Search code examples
amazon-web-servicesaws-batchaws-ecs

ECS unable to assume role


From the console, I am invoking a lambda which submits a batch job. The batch job fails, indicating that ECS is unable to assume the role that is provided to execute the job definition.

For the role, I've added the lambda and ECS services.

The error message:

"ECS was unable to assume the role 'arn:aws:iam::749340585813:role/golfnow-invoke-write-progress' that was provided for this task.
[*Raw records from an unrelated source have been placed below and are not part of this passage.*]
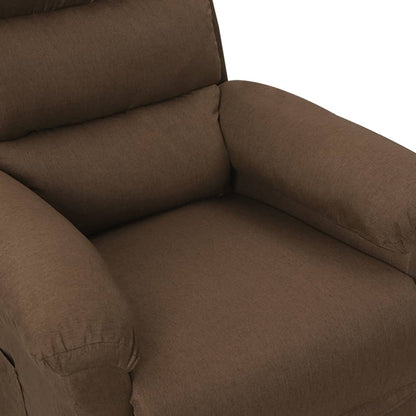 vidaXL Recliner Chair Brown Fabric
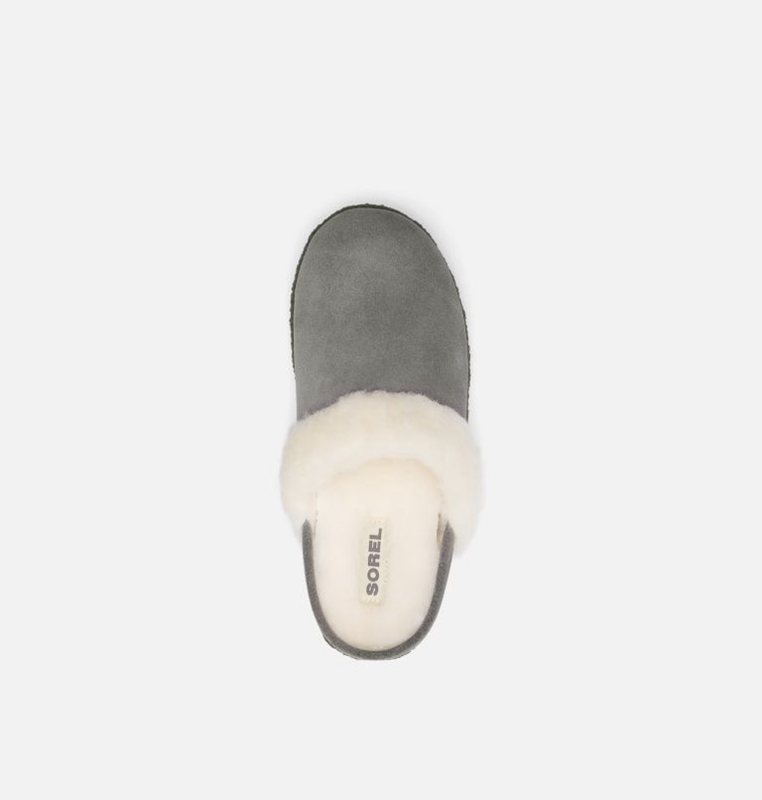 Womens Slippers Grey - Sorel Nakiska™ II - 407526-RVI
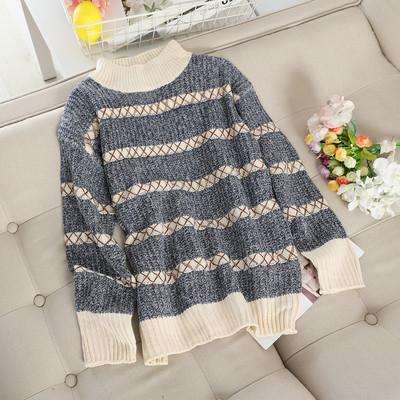 Γυναικείο πουλόβερ με κολάρο πόλο σε διάφορα χρώματα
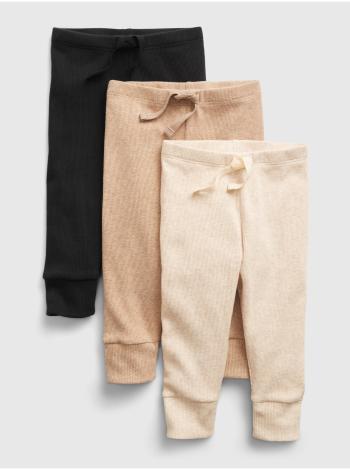 Černé klučičí kalhoty pull-on knit pants, 3ks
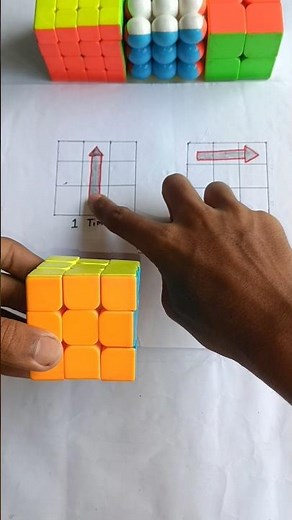 Learn to Solve 3x3 Cube Fast ⚡ | Beginner’s Guide #shorts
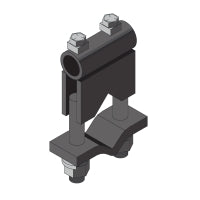 FabClamp 1-1/4"to1-3/8"Rd Std 2-1/4"Dia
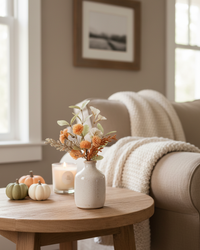 Orange Pom Pom Greenery Collection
Please verify that the role being passed has the proper trust relationship and permissions and that your IAM user has permissions to pass this role."

"TrainingJobRole": {
  "Type": "AWS::IAM::Role",
  "Properties": {
    "RoleName": "golfnow-invoke-write-progress",
    "AssumeRolePolicyDocument": {
      "Version": "2012-10-17",
      "Statement": [
        {
          "Effect": "Allow",
          "Principal": {
            "Service": [
              "lambda.amazonaws.com",
              "ecs.amazonaws.com"
            ]
          },
          "Action": [
            "sts:AssumeRole"
          ]
        }
      ]
    },
    "Path": "/"
  }
}

The batch job:

    "TrainingJob": {
  "Type": "AWS::Batch::JobDefinition",
  "Properties": {
    "Type": "container",
    "JobDefinitionName": {
      "Fn::Sub": "c12e-golfnow-${Environment}-job"
    },
    "ContainerProperties": {
      "Image": {
        "Fn::Join": [
          "",
          [
            "{{ image omitted }}",
            {
              "Ref": "AWS::Region"
            },
            ".amazonaws.com/amazonlinux:latest"
          ]
        ]
      },
      "Vcpus": 2,
      "Memory": 2000,
      "Command": [
        "while", "True", ";", "do", "echo", "'hello';", "done"
      ],
      "JobRoleArn": {
        "Fn::GetAtt": [
          "TrainingJobRole",
          "Arn"
        ]
      }
    },
    "RetryStrategy": {
      "Attempts": 1
    }
  }
},
"JobQueue": {
  "Type": "AWS::Batch::JobQueue",
  "Properties": {
    "Priority": 1,
    "ComputeEnvironmentOrder": [
      {
        "Order": 1,
        "ComputeEnvironment": {
          "Ref": "ComputeEnvironment"
        }
      }
    ]
  }
}

Is the issue with the way it's being invoked? My user has admin privileges, so I don't think this is an issue with my user having insufficient permissions.


Solution

  • You have to add the principal "ecs-tasks.amazonaws.com" to the trust policy for the role that's submitting a Batch job (not "ecs.amazonaws.com").

    Revised role:

    "TrainingJobRole": {
          "Type": "AWS::IAM::Role",
          "Properties": {
            "RoleName": "golfnow-invoke-write-progress",
            "AssumeRolePolicyDocument": {
              "Version": "2012-10-17",
              "Statement": [
                {
                  "Effect": "Allow",
                  "Principal": {
                    "Service": [
                      "lambda.amazonaws.com",
                      "ecs-tasks.amazonaws.com"
                    ]
                  },
                  "Action": [
                    "sts:AssumeRole"
                  ]
                }
              ]
            },
            "Path": "/"
          }
        },